* _Provided information_
•••

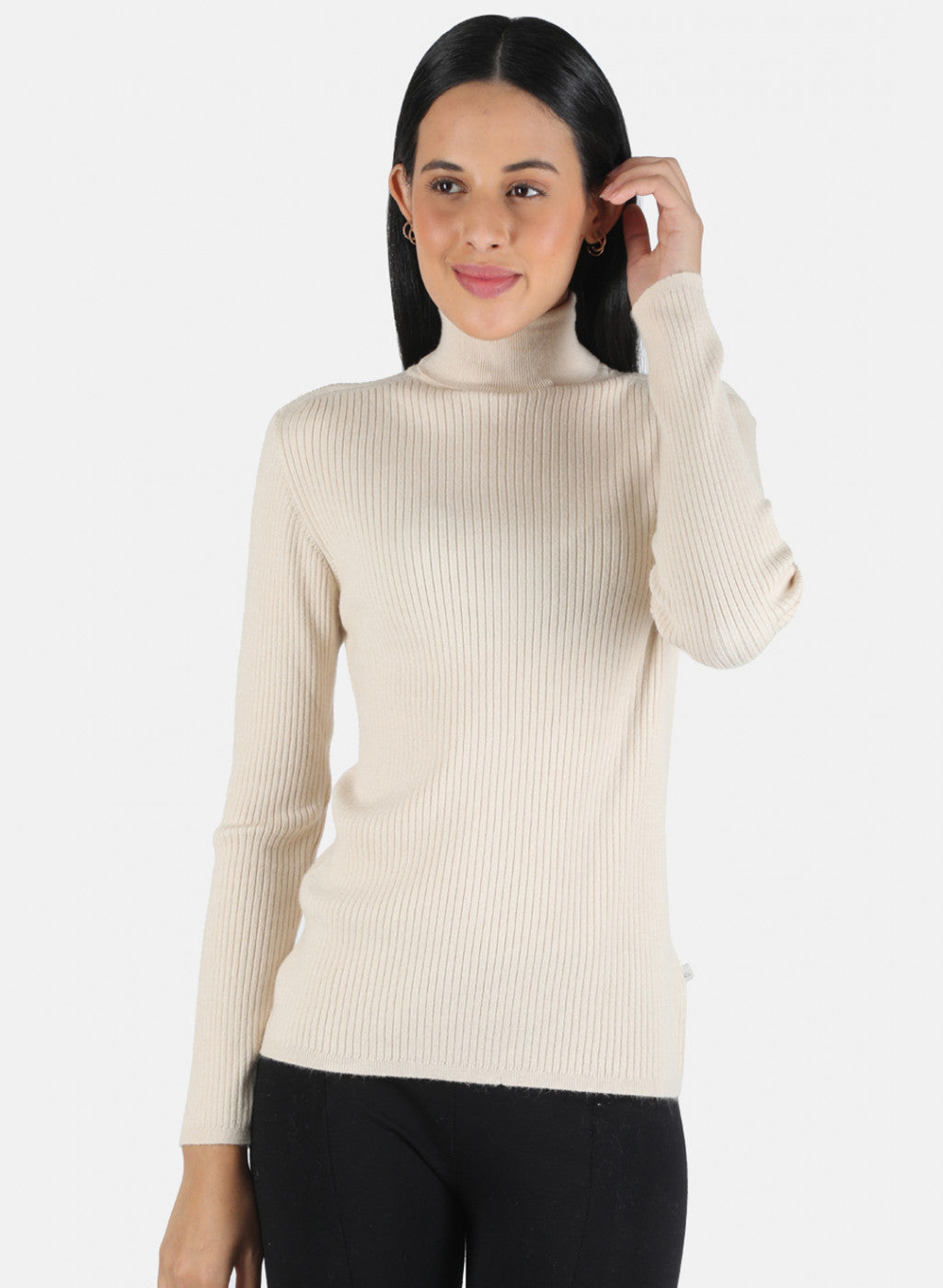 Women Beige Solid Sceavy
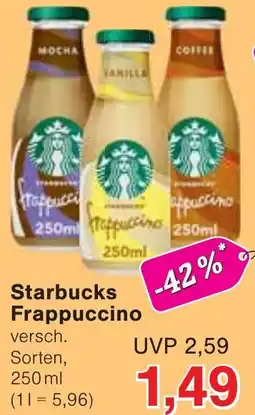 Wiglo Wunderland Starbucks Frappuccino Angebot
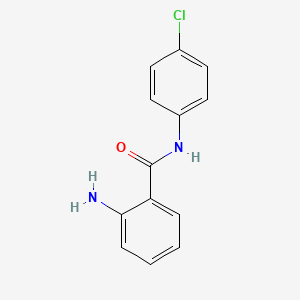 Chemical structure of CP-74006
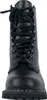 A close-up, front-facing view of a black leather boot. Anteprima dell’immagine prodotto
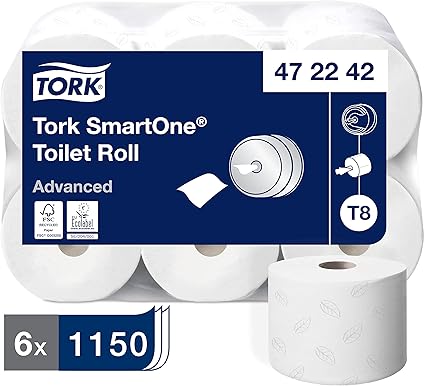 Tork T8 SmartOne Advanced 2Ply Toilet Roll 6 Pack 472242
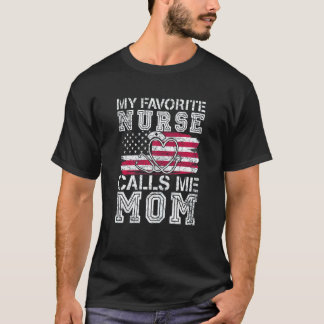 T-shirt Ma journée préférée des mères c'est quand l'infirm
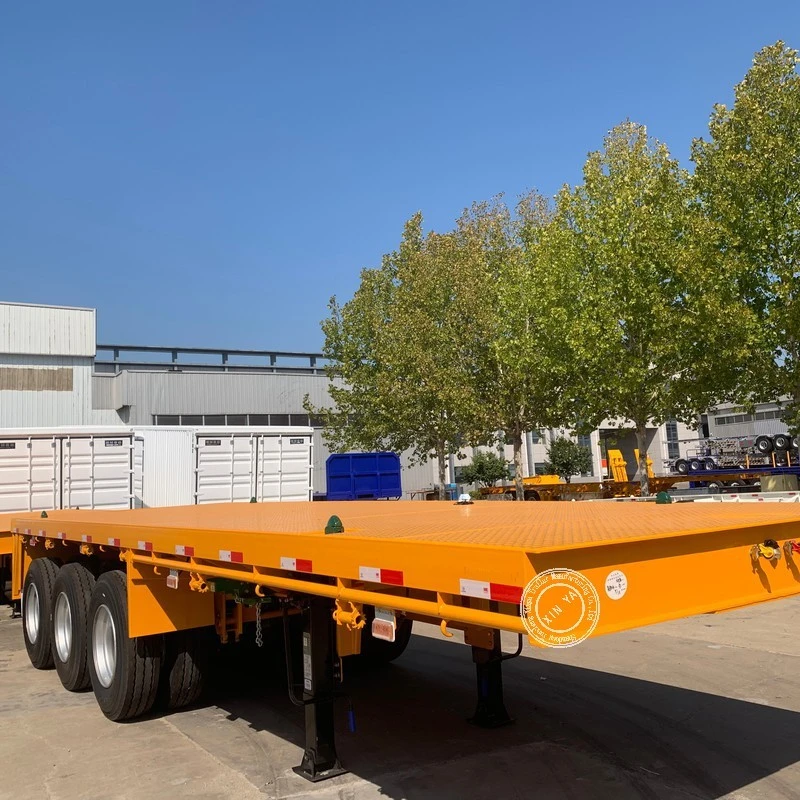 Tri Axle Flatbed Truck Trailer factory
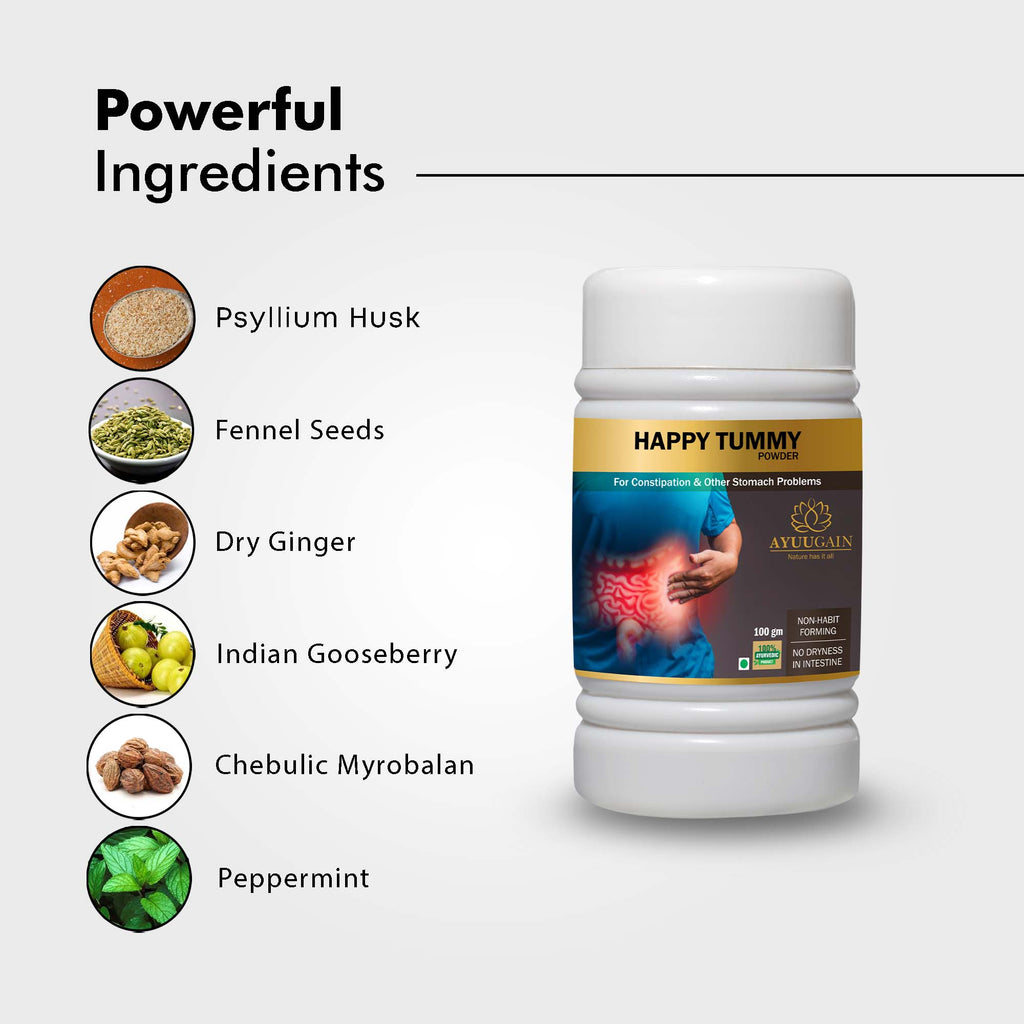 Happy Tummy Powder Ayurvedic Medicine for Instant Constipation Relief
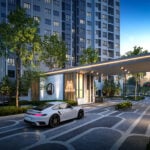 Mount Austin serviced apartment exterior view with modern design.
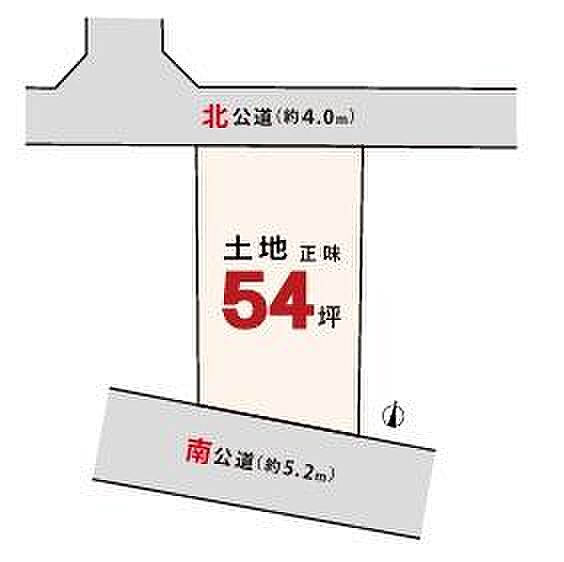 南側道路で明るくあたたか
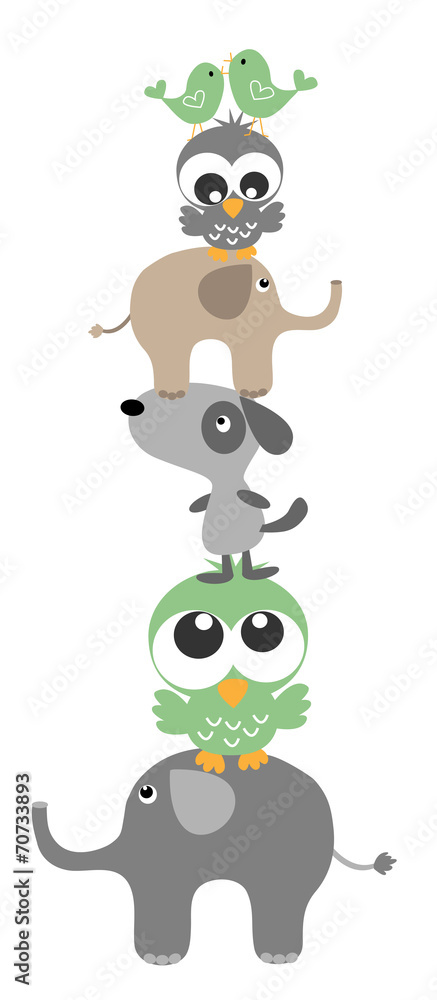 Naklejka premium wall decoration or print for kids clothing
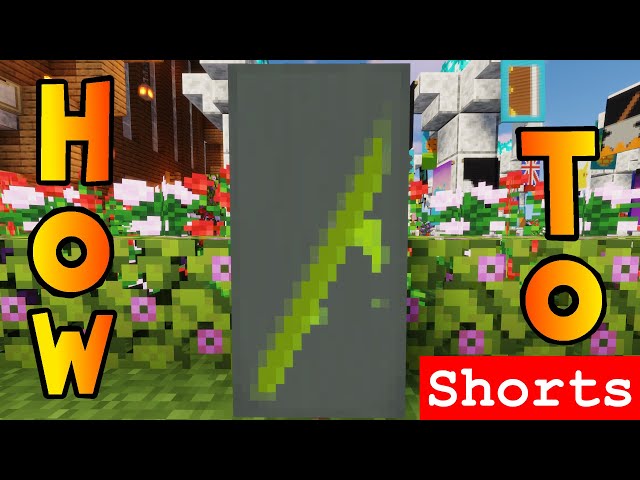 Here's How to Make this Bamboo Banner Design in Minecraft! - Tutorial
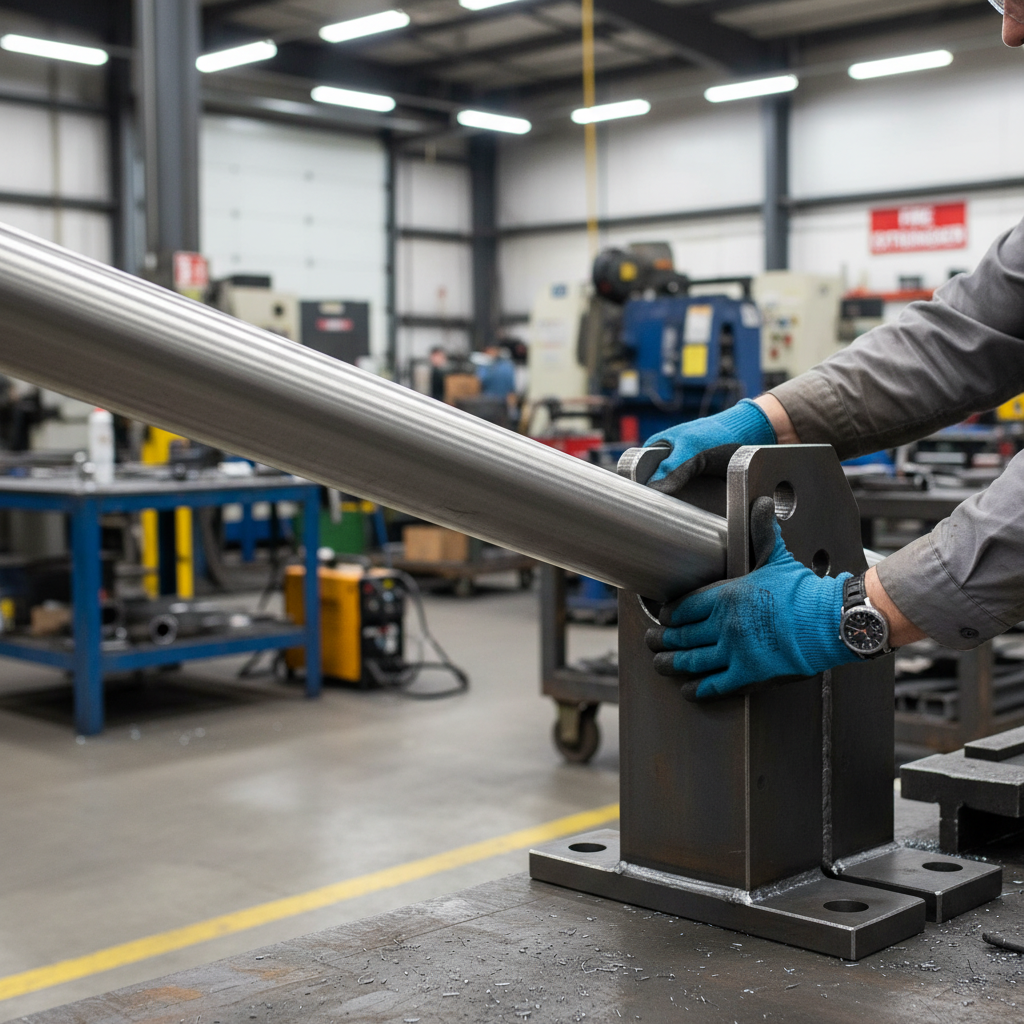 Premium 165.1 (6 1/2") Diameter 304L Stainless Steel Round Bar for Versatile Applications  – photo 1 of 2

•••

* _Prompt_
Could you please write out exactly the lines from the start of the entries above through the line that holds "Happy Tummy Powder", both included, with no pictures?

* _Result of the exercise_
 Women Beige Solid Sceavy
 Wiglo Wunderland Starbucks Frappuccino Angebot
 Chemical structure of CP-74006
 A close-up, front-facing view of a black leather boot. Anteprima dell’immagine prodotto
 Tork T8 SmartOne Advanced 2Ply Toilet Roll 6 Pack 472242
 T-shirt Ma journée préférée des mères c'est quand l'infirm
 Tri Axle Flatbed Truck Trailer factory
 Happy Tummy Powder Ayurvedic Medicine for Instant Constipation Relief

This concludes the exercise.